What is the default?

default in Ukraine can be considered as a protective barrier that is able to protect the country from total economic bankruptcy.The mechanism provides for procedures allowing the borrower to repay the debt on the optimized circuit.You can talk about debt restructuring, including the deferred payments until such time as the country is not out of the crisis.In general, the phenomenon will make it possible to restore the internal economy of the state.With regard to the theoretical side of the issue, it has only one mention of the term causes panic in the society.

Which phenomena experts say due to a default in the Ukraine?

If the official default in Ukraine will be announced, will begin to appear massive lawsuits from the public and business representatives towards the banks and funds guaranteed deposits, in the direction of organizations from the banking sector, who try to manipulate the situation.According to experts, will increase the amount of litigation between the parties as a consequence of the reduction of honest taxpayers in the country.The consequences of default in Ukraine is very difficult to estimate, since the difficulties in the banking sector, the state will impose its mark on every branch of activity and development of the state.

Outflows only complicates the situation

Basil Yurchishin, who served as an expert on macroeconomics, it says that the situation in the country has shaken sufficiently large outflows.The first thing that scares off foreign investors - a military conflict in the east.You can talk about rather low ratings of the country at the international level.State Statistics Committee reports that in the period from January to September, the state's economy was invested only 1.8 billion hryvnia.It was during this period a decline in foreign direct investment growth of 14.9%.It is directly related to the devaluation of the hryvnia, which, according to official data provided by the National Bank of the country amounted to 58.9%.The government calms the population that the country is not without the support of America, China and the EU, by tranches which are able to solve all the problems of the state.Despite the circumstances, almost no one can say that Ukraine is on the verge of default.Bets are placed on the ability to bypass the phenomenon due to the strong support of partner countries.

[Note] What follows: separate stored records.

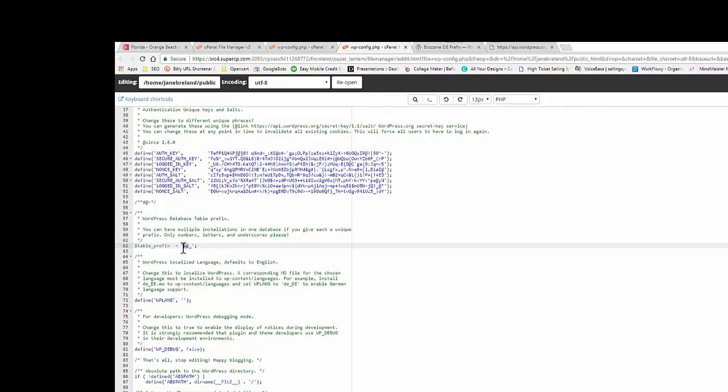And what I recommend is when you're creating a database and doing a fresh install on a WordPress site, name it something else. Like for a particular site we did, it was janebreeland.com, we did janebree underscore, and you always want to have this underscore just so that a hacker wouldn't know what that is. So we could actually go and paste that in.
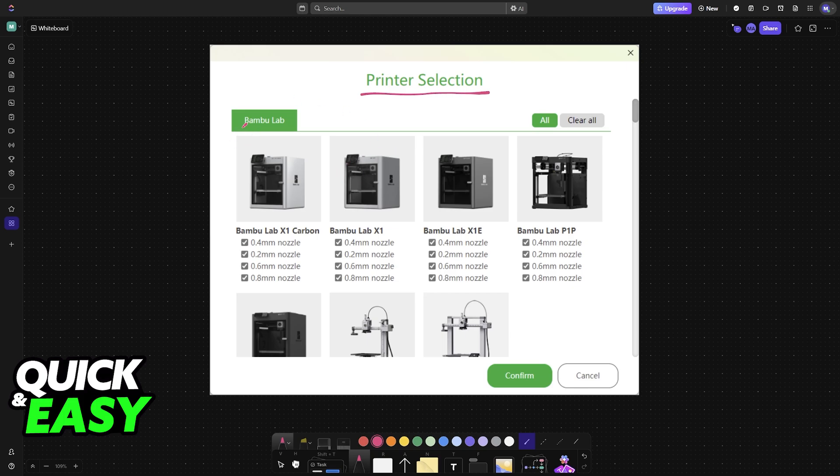When you first download Bamboo Studio and you go through the setup, they are going to ask you to select the printer. I recommend clearing all and choosing only the ones that you want to use.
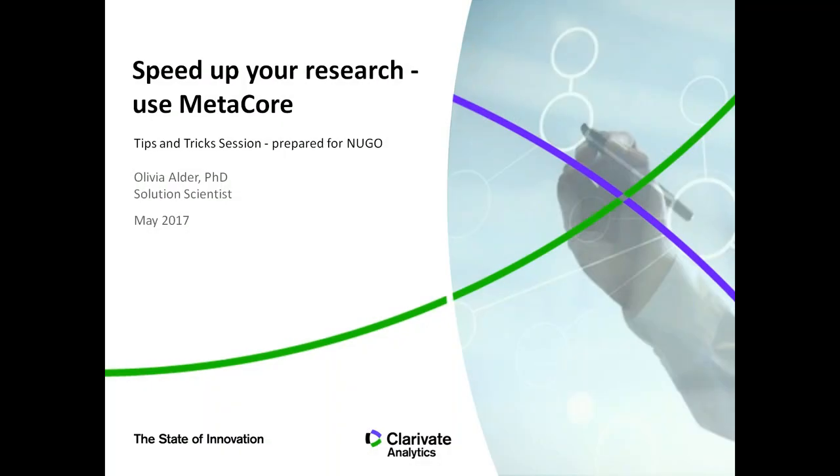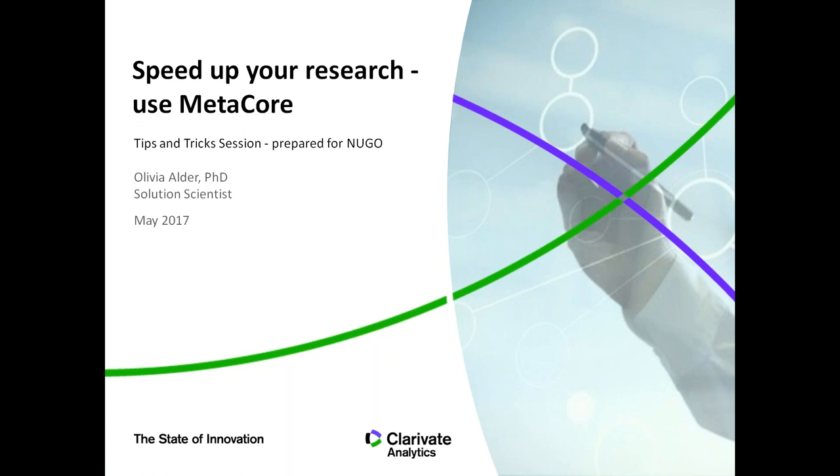This is the second webinar of the Early Career Network of NUGO. Following the previous webinar about MetaboAnalyst, a tool for metabolomics data analysis, today we have Olivia Alder. She's going to talk about MetaCore, which is a database and tool for omics data analysis.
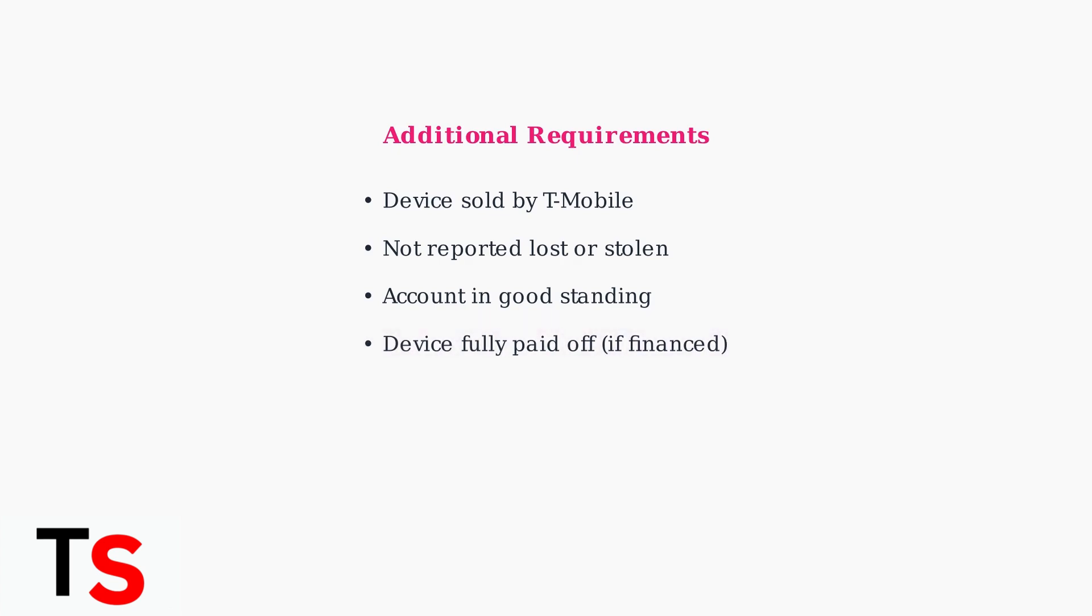If you financed your phone through an equipment installment plan, the device must be completely paid off before it can be unlocked. This is a critical requirement that many users overlook.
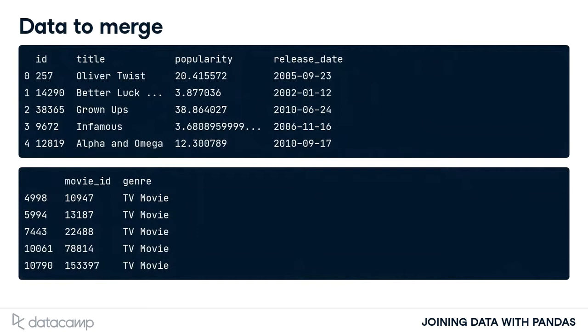Notice that the column with the movie ID number in the Movies table is named ID and in the TV genre table is named Movie ID. The merge method has a feature to take this into account.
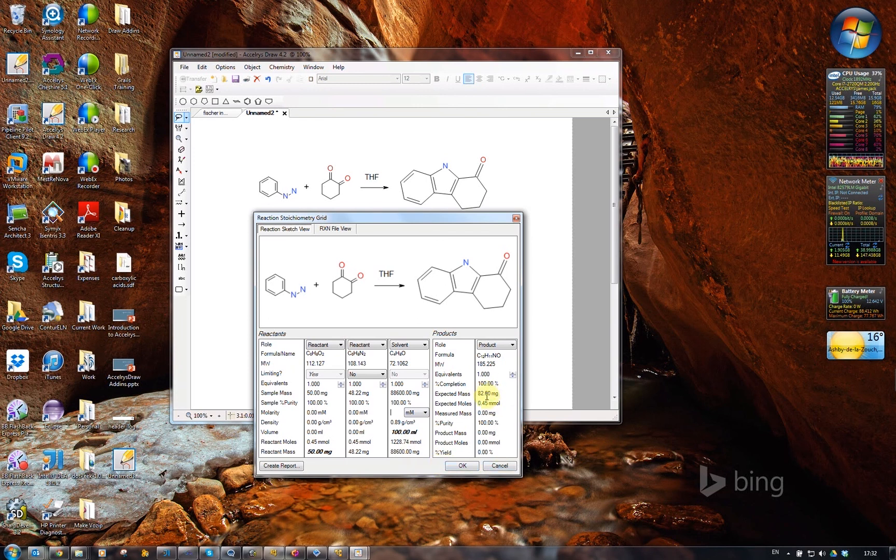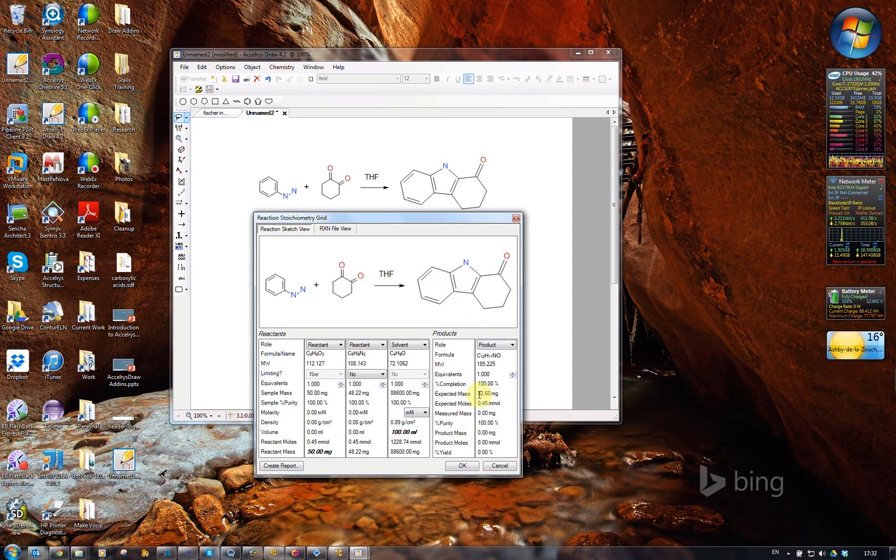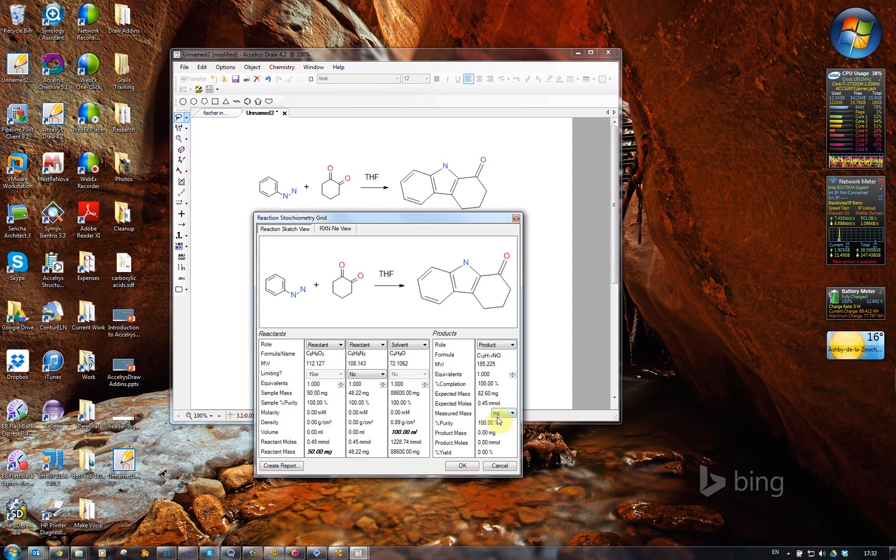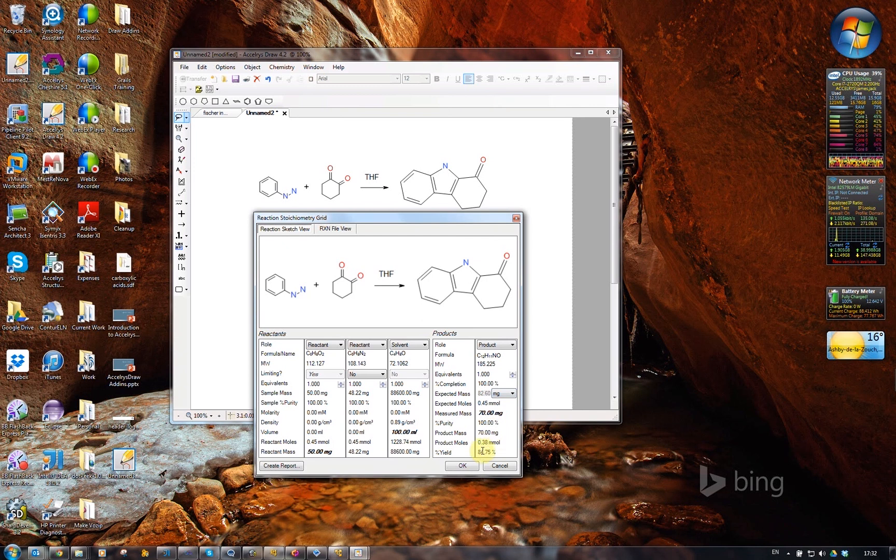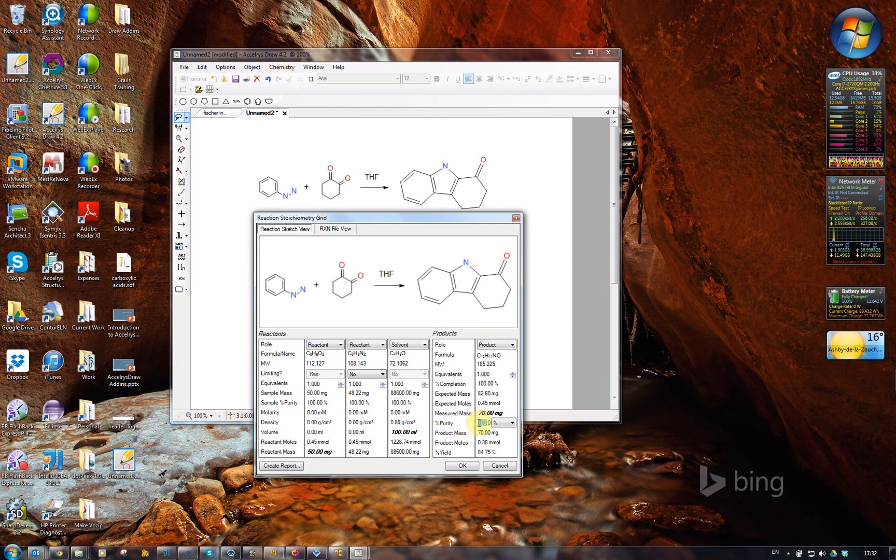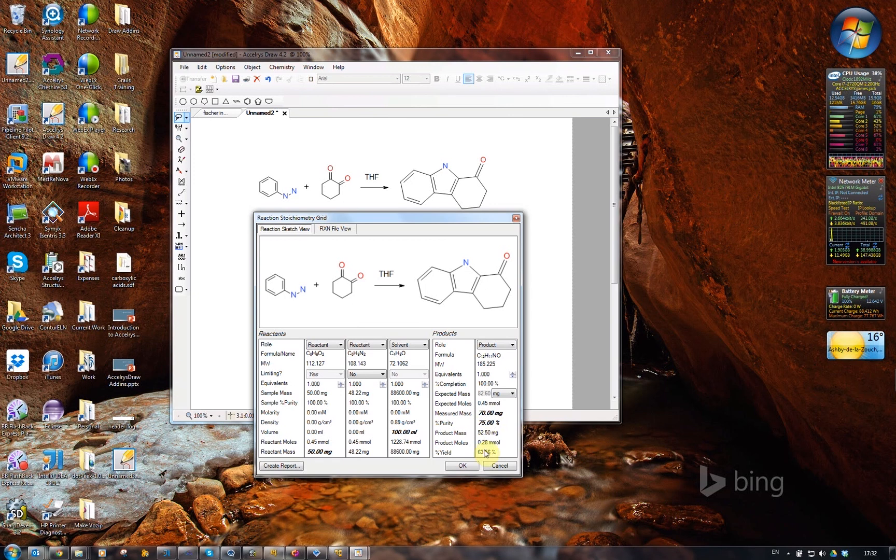Over here, it's calculated what the expected mass is for the product. If we say we're going to use 70 milligrams, then it works out what the yield is. We can even say we've got 70 milligrams, but when we measured it, it turned out it was only 75% pure. And there's all the yield calculations for you over here, the actual product mass, the number of product moles.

What awaits Ukraine in the future?

experts, examining the question of whether there will be a default in Ukraine, find it difficult to give a definitive answer.Further developments will depend entirely on the decision of the world's countries in terms of aid.If the event will take place, although the country will get a chance through a long rehabilitation re-enter the world stage, but it will have to face some difficulties.Studying the question of what it means for Ukraine to default, we can talk about the fall of the international rankings, hence a massive outflow of investor capital is inevitable.World countries stop giving loans, funding will be available only at high interest rates, and the provision of collateral.Falling exchange rates, the decline in imports, the reduction in real incomes, rising unemployment - is just basic, what experts do not stop talking.Negative impact will be imposed on the banking segment, in particular happen the closure of many financial institutions, blocking customer accounts, the increasing complexity of lending to the real economy.There is a possibility that some of the banks and securities market participants will be removed from all obligations, following the example of the state.Rising unemployment is inevitable.Experts, soberly assessing the situation, note the presence of the full range of phenomena, more and less pronounced in the economy today.